> Requirement:
In the records that follow, find the line containing "Miniatura 8 de" and the line containing "Women Korean Style", then transcribe both and every line between them exactly, omitting pictures.

> Data section:
--------
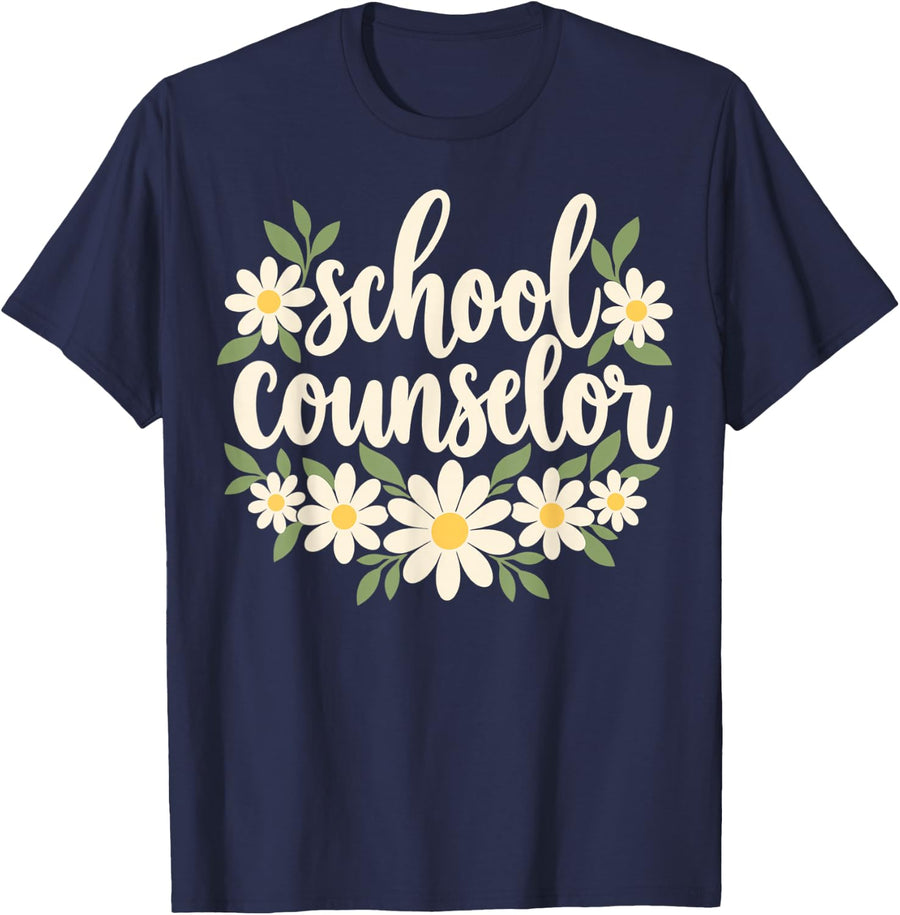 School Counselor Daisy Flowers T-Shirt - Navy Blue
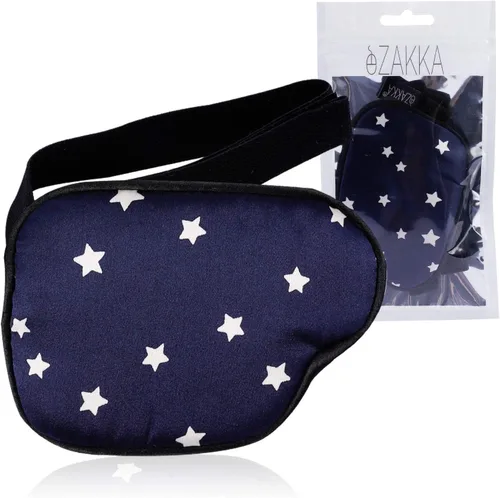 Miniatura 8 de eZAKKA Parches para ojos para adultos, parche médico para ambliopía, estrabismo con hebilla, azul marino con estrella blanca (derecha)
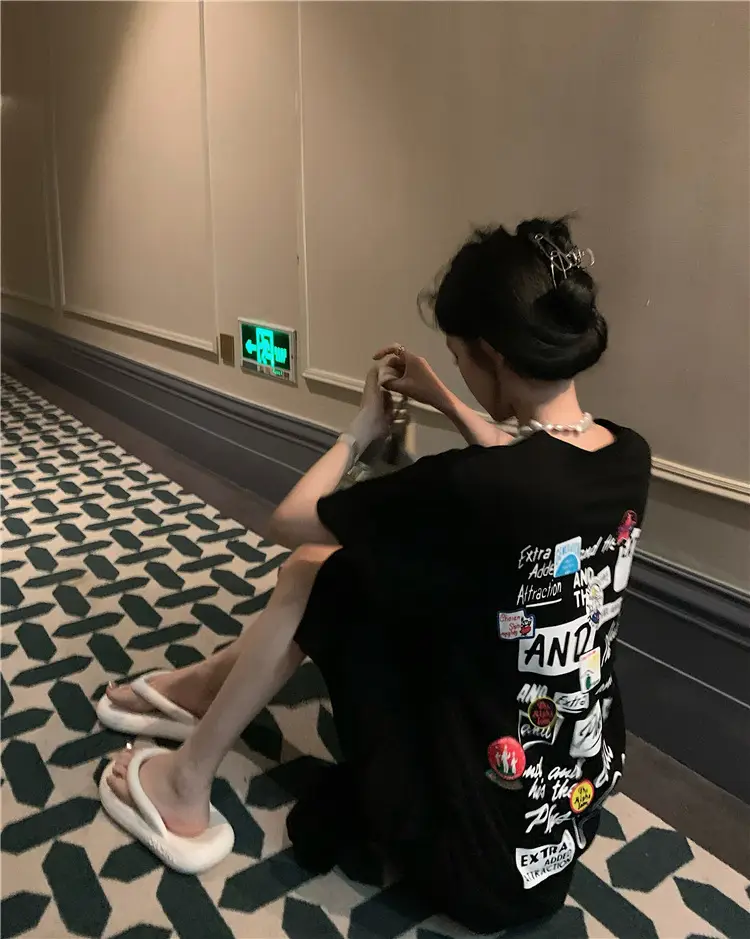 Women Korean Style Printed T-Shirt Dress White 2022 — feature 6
--------
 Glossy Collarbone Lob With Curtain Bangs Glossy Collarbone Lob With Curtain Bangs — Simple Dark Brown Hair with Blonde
--------
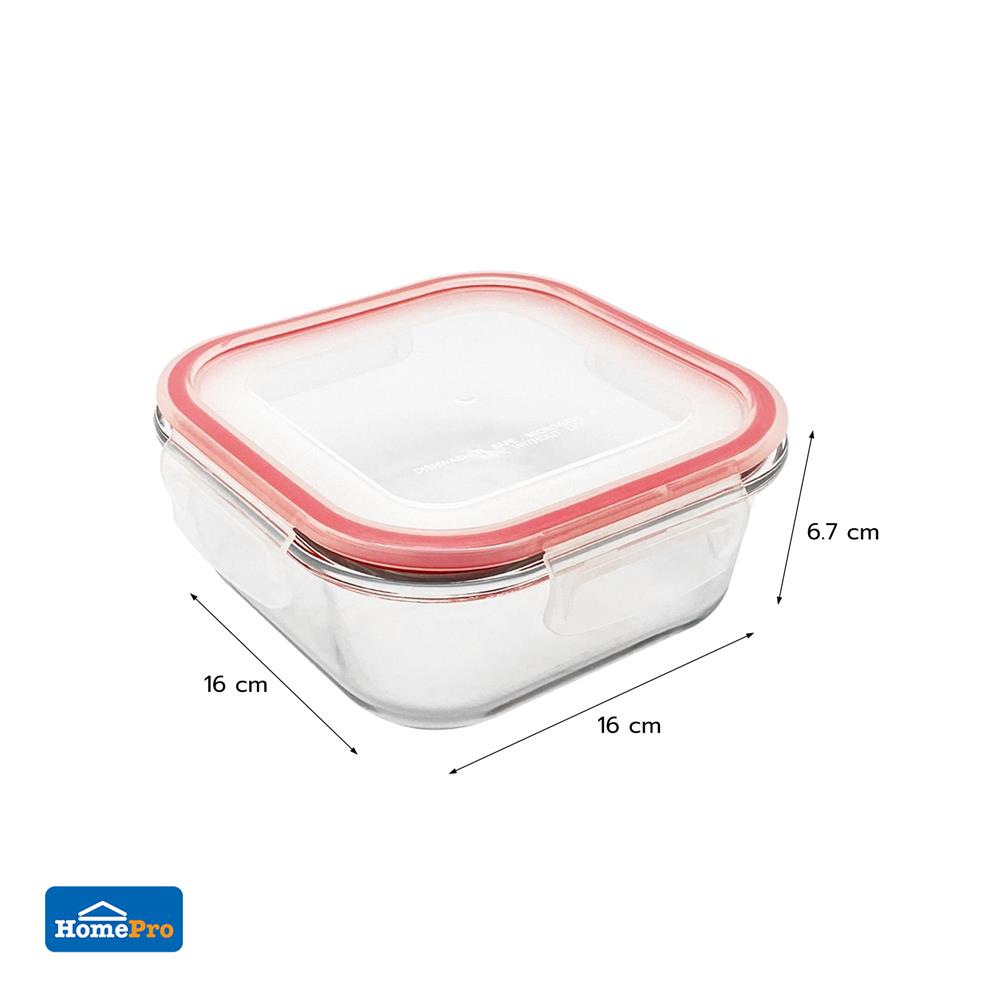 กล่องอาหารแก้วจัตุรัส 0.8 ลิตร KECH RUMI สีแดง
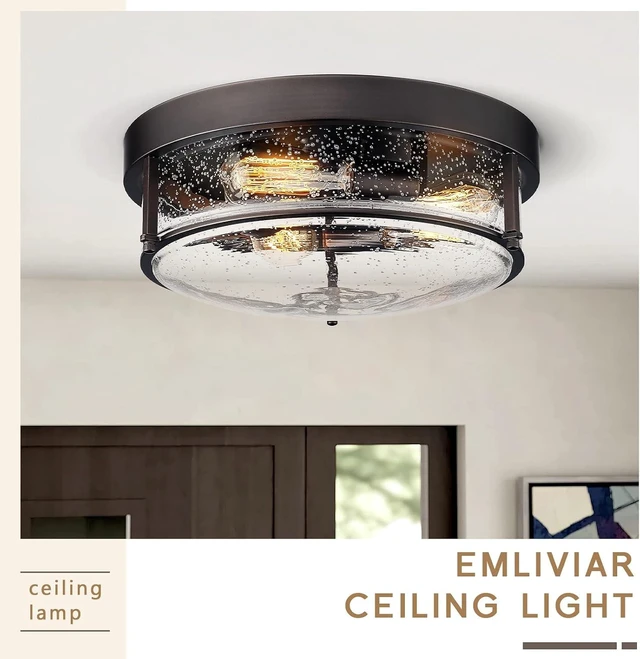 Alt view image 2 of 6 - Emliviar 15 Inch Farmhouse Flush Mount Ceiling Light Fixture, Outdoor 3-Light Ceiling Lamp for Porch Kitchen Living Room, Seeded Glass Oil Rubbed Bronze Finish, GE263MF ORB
--------
> Expected output:
 Miniatura 8 de eZAKKA Parches para ojos para adultos, parche médico para ambliopía, estrabismo con hebilla, azul marino con estrella blanca (derecha)
 Women Korean Style Printed T-Shirt Dress White 2022 — feature 6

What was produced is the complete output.